There is no two ways around it: the brewery in Chico is at capacity. Sierra Nevada is producing more beers than ever in kegs, in bottles, and most recently in cans. They are adding new products to the market all the time and have even more in development. Ken and his team have been building up to this point for a while and in January 2012 while they were getting closer to 1 million barrel mark, they announced plans to open a new location on the other side of the country.
The 180-acre sight is 12 miles south of Asheville, North Carolina in the Henderson County town of Mills River along the French Broad River. Ken said it would be similar to its northern California counterpart in that it will be a full production brewery with plans for an on-premises restaurant and gift shop. Currently only 18 acres are planned for development with the rest being maintained as woodland and river frontage.
Above all, it will ease pressure on the brewery, and scale back some cross-country transport. The initial design calls for capacity of up to 300,000 barrels, with room for expansion, and the added barrelage will accommodate wider production of seasonal beers as well as an expansion pale ale. Grossman said the brewery visited hundreds of potential sites before deciding on North Carolina.

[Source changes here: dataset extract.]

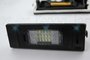 Complete vervanging originele kentekenverlichting voor led BMW E63 E64 Astra Mini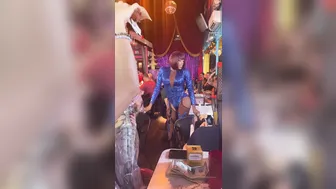 KRISTINA ROSE onlyfans 2019-11-19-...the floor laughing hysterically. The queen I was speaking with went to help m-14495259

Soon after Sierra Nevada’s announcement both New Belgium Brewing Co. and Oskar Blues Brewery announced they would be opening new facilities in the Tar Heel State.
“Sierra Nevada opening a brewing facility in North Carolina is another feather in the cap for the state’s already thriving beer community,” said Win Bassett, executive director of the state’s brewers guild. “Beer lovers already consider western North Carolina and the state at-large to be a craft beer destination and a producer of quality beer, and Sierra Nevada’s decision to join the brotherhood of brewers in North Carolina further strengthens our incredible community of brewers, wholesalers, vendors, retailers, and enthusiasts.”
Sierra Nevada East is scheduled to open in 2014.
A Lasting Legacy
Learning the value of each dollar in those early years is paying off today. Much of the company’s profits are returned to the brewery and help the business grow and those toys – important equipment really – that so impress wind up eventually contributing to the bottom line, which means more beer can be made, sold, and enjoyed.
A nature lover, Ken has filled the brewery with some of the most advanced green technology available and has been recognized around the globe for those efforts. He is philanthropic towards charities like the Boys and Girls Club of America, and to California State University Chico – that local institution of higher learning that he left those many years ago to start the brewery.
When Paul Camusi eventually left the company he sold his shares to Ken, making Sierra Nevada a family owned business and now Ken’s son, Brian, is slated to head up the new North Carolina operation, sending the company into its second generation.
Looking at the whole picture it’s no wonder that there are so many ardent fans of Sierra Nevada. Perhaps none more than the employees themselves. Ken demands a lot of the people who work for him: the hours are long, the tasks difficult yet it’s rare that people leave. In addition to competitive wages (even servers in the restaurant have health benefits) there is also onsite medial care and daycare. Those things alone would be enough to separate Sierra Nevada from many other operations, saying nothing about the beer.
Ken has come along way since those first days sneaking homebrew and he admits that when he thinks about it, where he is today is remarkable. However there is always tomorrow to think about.
“We’re going to continue to push boundaries,” Ken says, “it is part of who we are.”